Big day for the future of wireless in the U.S. market yesterday — the announcement that Sprint Nextel, Clearwire, Google, Intel, Comcast, Time Warner, and others have formalized their plan to collaborate in a nationwide rollout of a fourth-generation WiMAX network is nothing short of huge. This demonstrates how diverse the convictions are in the tech sector about the opportunity for an open, data-centric wireless broadband fabric, and it should end a great deal of debate about whether a Sprint-only effort to do that was going to succeed.
That’s progress of a very real sort. Just a month ago, April 2nd was a whip-saw day for wireless in the Wall Street Journal: The U.S. edition featured two contradictory stories cheek by jowl on one page. At the top, a report from Beijing on Intel’s splashy launch of so-called “ultra-mobile devices,” showcasing a number of new product concepts using a purpose-built low-power chipset and functionally offering something less than a PC but more than a phone.
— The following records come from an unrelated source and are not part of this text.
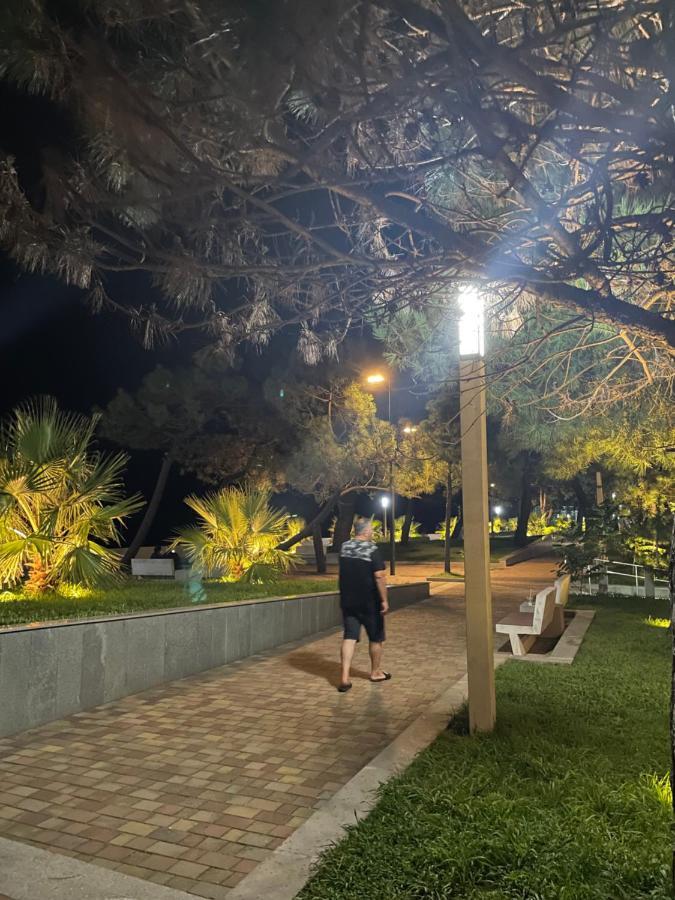 Hotel Chaika Kobuleti Ngoại thất bức ảnh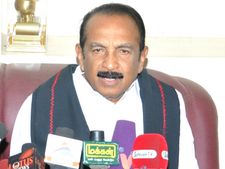 சீன பட்டாசுகளால் சிவகாசி பட்டாசுகளுக்கு ஆபத்து: வைகோ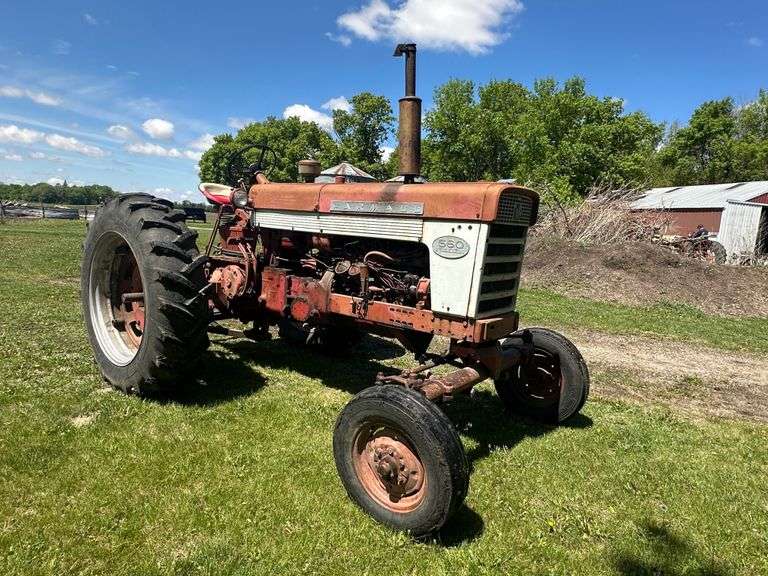 Farmall 560 Wide Front Diesel, 2 Rear Hydraulics, 2pt Hookup, 14.9 x 38 ...
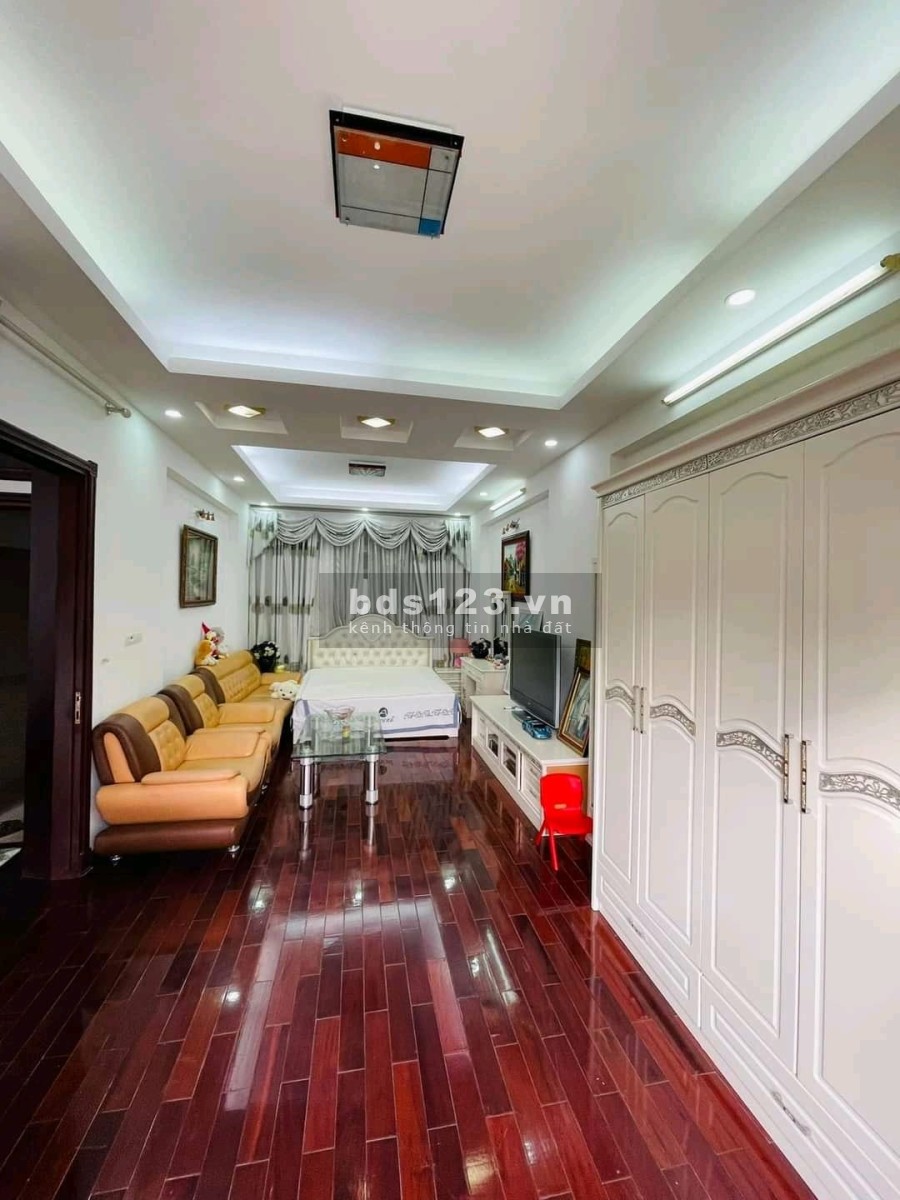 Bán Nhà Kim Giang Hoàng Mai diện tích 50m2 đúc 5 tầng 7.3 mặt tiền giá bán 5.55 tỷ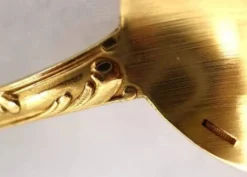 Christofle Chrysanthème doré, 12 cuillères à moka, café, 12,3 cm, monogramme BP.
But just below the fold, you’d have found a summary of the FCC’s reluctance, announced at CTIA, to force the U.S. wireless operators to open their networks to devices not authorized by the operators themselves.
The national WiMAX announcement, along with that first story on April 2nd, speaks to the opportunities we see at Yankee Group for an internet of devices well beyond today’s PC and phone approaches – although frankly I saw little in these early concept products to spark the demand that I do believe lurks in that gap.
That below-the-fold April story showcases the resistance of U.S. wireless operators to recognize one of the imperatives of the Anywhere revolution, which is for an open platform. The FCC thinks the operators are doing enough to open up their networks. But can a network be ‘kind of open’ any more than someone can be ‘a little bit pregnant’?
The good news is, we’re going to find out! Onward and upward.